A new iOS app called Orange Bible offers an unusual pitch: read scripture, keep a daily streak, and earn small amounts of Bitcoin. The app itself is free. Its fuller experience, however, sits behind an $8.99 monthly subscription that triples the payouts.
The app was built by Alin Armstrong, who also wrote a self-published book called “The Bible and Bitcoin.” His framing is blunt. “You don’t earn a badge or a digital streak,” he says. “You earn real Bitcoin.”
How the rewards work
The mechanic is simple. Users follow a reading plan and collect satoshis, the smallest unit of a bitcoin, for finishing daily sessions. Longer streaks unlock higher reward tiers, so the payouts grow with consistency. Readers can also route their rewards to partner ministries as donations.

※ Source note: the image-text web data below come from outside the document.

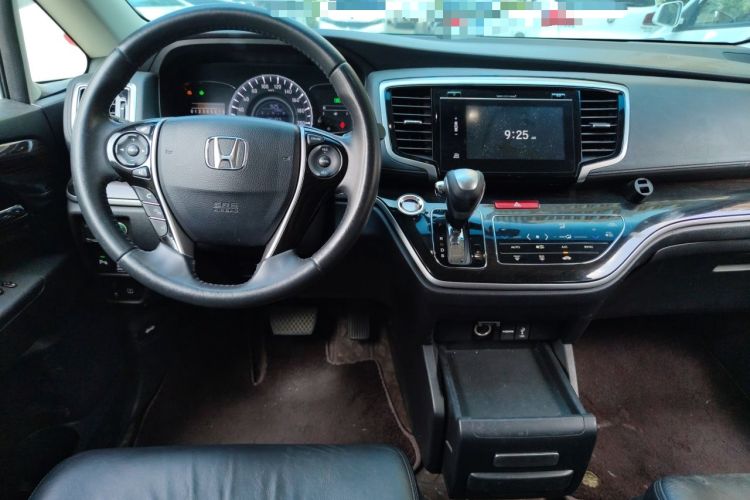 Used Honda Odyssey 2018 2.4L Smart Edition Center Console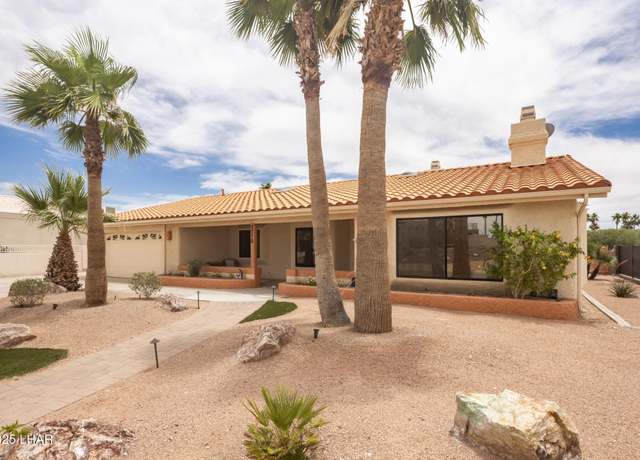 Property at 2370 Tee Dr, Lake Havasu City, AZ 86406, 4 beds, 4 baths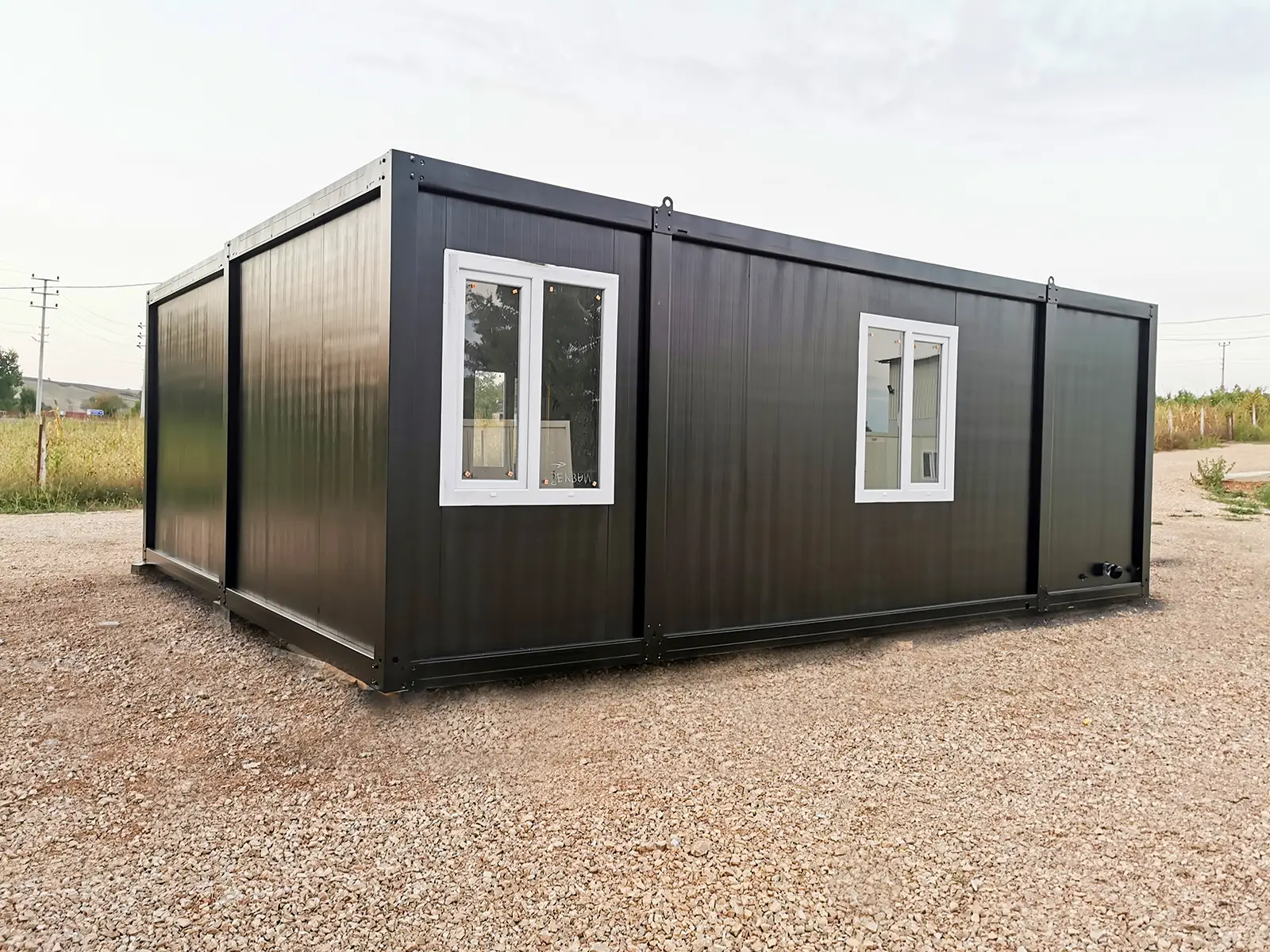 Casa Contenedor Negra con 2 Dormitorios - Imagen 2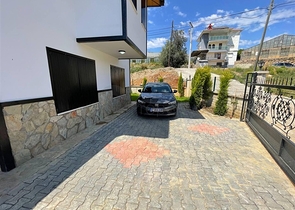 Spacious 3+1 Villa with Garden in Gazipaşa, Alanya – 215 m²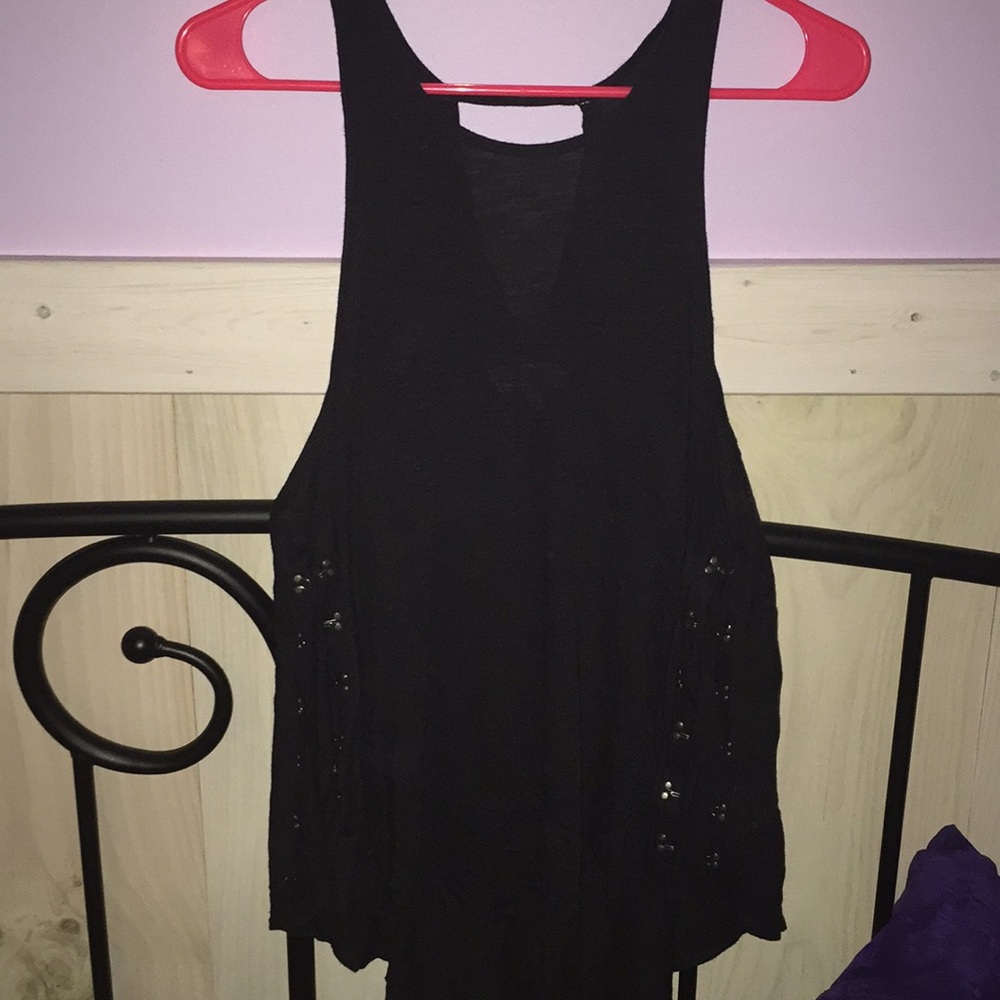 Black high low tank, clips on side, & keyhole back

It is worth keeping the scale in perspective, though. A satoshi is one hundred-millionth of a bitcoin, so these rewards are tiny by design. In practice, the draw is the habit and the novelty rather than meaningful income.
What the $8.99 tier adds
The premium tier is where the product gets more ambitious. Subscribers get a 3x multiplier on their Bitcoin rewards for every reading session. They also unlock an AI “Bible Study Assistant” that answers questions about verses and summarizes passages.
The subscription further includes an “Orange Study Bible” with more than 200 notes on biblical economics, wealth and stewardship. On top of that, it bundles a small library, including Armstrong’s own book. Notably, the app pairs the public-domain Berean Standard Bible and King James Version with familiar tools like search, highlighting and a prayer journal.
Faith, Bitcoin and the business model
The pitch deserves a clear-eyed read. The bigger Bitcoin rewards are locked behind the paywall, so users effectively pay $8.99 a month to earn more. That makes the subscription, not the satoshis, the obvious engine here. The app also does not spell out who funds the Bitcoin payouts over time.
There is an ideological layer, too. Orange Bible blends devotional reading with a distinctly pro-Bitcoin view of money and stewardship. For now, it is iOS-only, with an Android version still in development. Apple’s grip on that distribution is itself under pressure, as the recent opening of iOS app stores in Brazil showed. The wider trend is clear, as well, with crypto creeping into everyday products, much like Tether’s plan to push a stablecoin into local payments.
For the right audience, the concept is genuinely clever. It turns a daily spiritual habit into a tangible, if minuscule, reward. Still, it is best understood as a subscription product with a Bitcoin hook, rather than a way to build real wealth from reading.